A historinha é mais ou menos assim

Estávamos na Nacional Expresso no trajeto de Goiânia (capital na região central de um cerrado genuíno), para Ituiutaba, (região pontal do Triângulo Mineiro). Eu na poltrona 13 e o Lucas com a mãe nas poltronas 19 e 20.

E então o Lucas começa:

Mãe, onde estamos?
A mãe responde: Saindo de Goiânia.

E o Lucas faz outra pergunta: Daqui o ônibus vai para onde?

A mãe: Vai para Morrinhos.

Lucas pergunta novamente: E depois de Morrinhos vai para onde?

Vai para Itumbiara. Respondeu a mãe começando a sinalizar impaciência.

Depois de Itumbiara?
Vai para Centralina.

E depois?
Canápolis. Disse a mãe já meio monossilábica na resposta.

O Lucas diz: A gente desce em Canápolis e aí o ônibus vai para onde?

Ituiutaba! Ituiutaba, Lucas!
Resposta atingindo um surto de impaciência com as perguntas.

O Lucas manda outra pergunta: E depois de Ituiutaba o ônibus vai para onde?

A mãe então em tom nervoso: Acaba, aí ele não vai para nenhum lugar, é o fim!

O menino ficou calado e soltou alguns segundos depois a pérola da noite:
Então Ituiutaba foi onde Judas perdeu as botas?!

A mãe não falou nada, ficou calada e só soltou um suspiro do tipo: 'é hoje!?'

E então fiquei pensando no quão próximo o fim do mundo pode estar. Veja só, para o Lucas passou a estar no bico das Minas Gerais.

Suspensa na poltrona 13 fiquei divagando na conversa alheia no serviço ou no des-serviço da mãe do menino ao lhe dar a possibilidade de imaginar onde estão as botas de Judas, e, ao mesmo tempo de anunciar onde encontrar o fim do mundo.

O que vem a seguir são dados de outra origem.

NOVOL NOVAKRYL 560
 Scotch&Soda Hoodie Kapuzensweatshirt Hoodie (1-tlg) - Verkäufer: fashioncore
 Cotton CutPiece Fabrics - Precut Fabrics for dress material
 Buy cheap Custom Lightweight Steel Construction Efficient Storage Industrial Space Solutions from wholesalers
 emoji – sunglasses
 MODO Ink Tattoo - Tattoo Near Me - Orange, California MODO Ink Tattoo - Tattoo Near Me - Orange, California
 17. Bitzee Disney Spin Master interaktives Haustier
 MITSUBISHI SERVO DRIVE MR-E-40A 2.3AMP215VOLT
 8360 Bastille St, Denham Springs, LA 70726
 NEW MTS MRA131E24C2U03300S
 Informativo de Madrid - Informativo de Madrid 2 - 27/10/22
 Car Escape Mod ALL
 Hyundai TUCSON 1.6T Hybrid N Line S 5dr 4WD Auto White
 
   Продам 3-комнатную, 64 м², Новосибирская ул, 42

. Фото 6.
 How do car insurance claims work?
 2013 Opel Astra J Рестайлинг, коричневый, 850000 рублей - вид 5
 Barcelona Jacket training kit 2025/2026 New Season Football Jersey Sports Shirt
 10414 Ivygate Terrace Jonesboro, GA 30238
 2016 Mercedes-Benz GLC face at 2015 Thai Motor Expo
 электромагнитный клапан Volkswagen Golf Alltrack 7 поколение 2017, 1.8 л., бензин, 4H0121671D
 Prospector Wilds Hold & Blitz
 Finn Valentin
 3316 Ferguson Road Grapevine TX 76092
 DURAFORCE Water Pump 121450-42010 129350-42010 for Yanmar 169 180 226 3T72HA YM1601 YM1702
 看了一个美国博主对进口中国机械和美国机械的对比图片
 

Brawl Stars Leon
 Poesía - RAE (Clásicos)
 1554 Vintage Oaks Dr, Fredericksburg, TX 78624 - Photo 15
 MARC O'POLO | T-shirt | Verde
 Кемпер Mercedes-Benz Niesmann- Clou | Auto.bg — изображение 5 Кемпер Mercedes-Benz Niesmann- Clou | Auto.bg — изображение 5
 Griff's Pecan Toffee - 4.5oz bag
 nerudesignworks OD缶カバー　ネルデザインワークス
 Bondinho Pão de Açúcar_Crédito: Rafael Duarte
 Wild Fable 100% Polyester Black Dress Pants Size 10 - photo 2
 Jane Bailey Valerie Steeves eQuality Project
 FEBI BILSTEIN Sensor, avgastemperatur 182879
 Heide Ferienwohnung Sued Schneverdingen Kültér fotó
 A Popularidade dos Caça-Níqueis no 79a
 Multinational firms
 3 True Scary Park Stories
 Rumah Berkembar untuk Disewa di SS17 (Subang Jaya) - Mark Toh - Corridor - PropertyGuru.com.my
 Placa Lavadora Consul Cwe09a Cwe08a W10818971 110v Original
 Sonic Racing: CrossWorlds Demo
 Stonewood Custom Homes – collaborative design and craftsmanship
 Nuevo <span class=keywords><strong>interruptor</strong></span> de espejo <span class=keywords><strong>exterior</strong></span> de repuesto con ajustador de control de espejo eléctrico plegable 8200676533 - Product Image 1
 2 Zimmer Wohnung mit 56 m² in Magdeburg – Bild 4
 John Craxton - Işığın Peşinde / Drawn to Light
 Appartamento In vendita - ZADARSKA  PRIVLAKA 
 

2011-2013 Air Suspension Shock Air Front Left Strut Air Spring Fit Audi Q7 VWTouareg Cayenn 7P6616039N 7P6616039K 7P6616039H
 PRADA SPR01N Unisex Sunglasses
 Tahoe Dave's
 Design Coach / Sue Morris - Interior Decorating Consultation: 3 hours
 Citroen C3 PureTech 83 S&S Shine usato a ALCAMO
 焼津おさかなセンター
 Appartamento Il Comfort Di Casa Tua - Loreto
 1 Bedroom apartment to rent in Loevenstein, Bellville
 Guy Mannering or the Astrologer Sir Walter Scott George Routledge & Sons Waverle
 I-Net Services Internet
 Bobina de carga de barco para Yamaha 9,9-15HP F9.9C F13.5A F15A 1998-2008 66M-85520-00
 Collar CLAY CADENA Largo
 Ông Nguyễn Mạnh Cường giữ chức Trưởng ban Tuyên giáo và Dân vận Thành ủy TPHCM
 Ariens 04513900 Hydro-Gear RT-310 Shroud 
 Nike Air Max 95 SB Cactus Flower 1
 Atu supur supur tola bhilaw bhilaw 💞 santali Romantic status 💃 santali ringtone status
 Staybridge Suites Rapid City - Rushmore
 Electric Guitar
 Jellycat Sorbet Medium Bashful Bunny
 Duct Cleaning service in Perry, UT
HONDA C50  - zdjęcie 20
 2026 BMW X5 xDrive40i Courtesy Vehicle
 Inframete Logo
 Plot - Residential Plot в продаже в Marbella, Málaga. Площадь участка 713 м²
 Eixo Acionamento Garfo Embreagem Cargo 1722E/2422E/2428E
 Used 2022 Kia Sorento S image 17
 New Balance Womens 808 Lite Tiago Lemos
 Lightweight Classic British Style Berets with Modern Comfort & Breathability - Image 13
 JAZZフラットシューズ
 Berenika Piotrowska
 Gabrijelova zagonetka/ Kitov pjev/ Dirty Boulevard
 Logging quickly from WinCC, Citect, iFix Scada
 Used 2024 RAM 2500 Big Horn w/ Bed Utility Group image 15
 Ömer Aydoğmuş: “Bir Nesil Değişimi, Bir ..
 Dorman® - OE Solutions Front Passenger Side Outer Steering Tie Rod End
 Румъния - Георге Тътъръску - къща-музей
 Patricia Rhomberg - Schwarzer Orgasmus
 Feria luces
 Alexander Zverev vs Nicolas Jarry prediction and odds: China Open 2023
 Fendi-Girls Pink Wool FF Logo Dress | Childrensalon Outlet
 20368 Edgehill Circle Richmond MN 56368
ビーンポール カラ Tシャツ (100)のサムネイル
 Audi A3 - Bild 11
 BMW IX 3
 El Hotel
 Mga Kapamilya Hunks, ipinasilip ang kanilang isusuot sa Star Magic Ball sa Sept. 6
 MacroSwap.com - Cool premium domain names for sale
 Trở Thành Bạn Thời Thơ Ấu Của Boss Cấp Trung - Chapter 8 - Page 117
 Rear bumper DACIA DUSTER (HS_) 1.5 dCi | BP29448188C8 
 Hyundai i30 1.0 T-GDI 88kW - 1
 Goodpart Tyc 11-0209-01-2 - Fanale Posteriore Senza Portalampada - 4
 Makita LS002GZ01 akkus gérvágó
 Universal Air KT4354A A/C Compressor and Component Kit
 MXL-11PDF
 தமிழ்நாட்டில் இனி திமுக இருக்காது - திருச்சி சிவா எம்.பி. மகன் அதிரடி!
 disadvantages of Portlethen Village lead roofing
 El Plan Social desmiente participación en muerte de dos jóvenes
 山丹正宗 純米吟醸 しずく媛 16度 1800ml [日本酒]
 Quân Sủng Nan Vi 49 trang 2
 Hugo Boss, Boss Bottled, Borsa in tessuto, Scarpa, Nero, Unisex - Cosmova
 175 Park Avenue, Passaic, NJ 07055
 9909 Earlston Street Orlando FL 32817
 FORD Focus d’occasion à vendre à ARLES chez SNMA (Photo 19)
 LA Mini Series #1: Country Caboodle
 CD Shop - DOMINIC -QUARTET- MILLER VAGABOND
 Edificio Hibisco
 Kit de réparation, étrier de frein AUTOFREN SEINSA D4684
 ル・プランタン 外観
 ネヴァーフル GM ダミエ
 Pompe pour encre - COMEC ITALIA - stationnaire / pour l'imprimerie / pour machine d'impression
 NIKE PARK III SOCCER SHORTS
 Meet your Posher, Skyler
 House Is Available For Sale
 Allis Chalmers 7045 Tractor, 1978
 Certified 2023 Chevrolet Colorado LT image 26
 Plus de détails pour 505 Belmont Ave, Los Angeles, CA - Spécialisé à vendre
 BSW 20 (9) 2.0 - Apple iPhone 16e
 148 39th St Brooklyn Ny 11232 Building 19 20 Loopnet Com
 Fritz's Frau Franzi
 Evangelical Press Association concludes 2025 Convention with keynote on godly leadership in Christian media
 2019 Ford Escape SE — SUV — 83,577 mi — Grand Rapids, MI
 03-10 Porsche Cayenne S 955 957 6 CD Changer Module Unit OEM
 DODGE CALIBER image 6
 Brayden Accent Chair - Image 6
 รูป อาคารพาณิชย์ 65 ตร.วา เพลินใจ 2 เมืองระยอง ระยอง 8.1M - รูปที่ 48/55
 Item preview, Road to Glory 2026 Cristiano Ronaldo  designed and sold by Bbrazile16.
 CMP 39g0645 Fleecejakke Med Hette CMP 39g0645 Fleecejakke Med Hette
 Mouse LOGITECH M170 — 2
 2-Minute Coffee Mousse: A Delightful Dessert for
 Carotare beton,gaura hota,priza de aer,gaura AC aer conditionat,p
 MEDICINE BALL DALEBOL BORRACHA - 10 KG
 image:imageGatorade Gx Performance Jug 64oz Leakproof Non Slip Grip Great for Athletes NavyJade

O Lucas deve ter uns 6 anos, a mãe uns 26, e eu na casa dos 30... fiquei viajando, literalmente, pelas etapas que a gente vai passando por essas BRs até topar com o fim do mundo, e que quando a gente topa, o mesmo fim do mundo dá mais uns passos para gente não o enxergá-lo.

Para o Lucas, Ituiutaba passou a ser o fim nesta noite, mas só até o dia em que ele sozinho sair de Canápolis e encontrar nas terras do Tijuco o começo de outros territórios por onde as botas de Judas andam.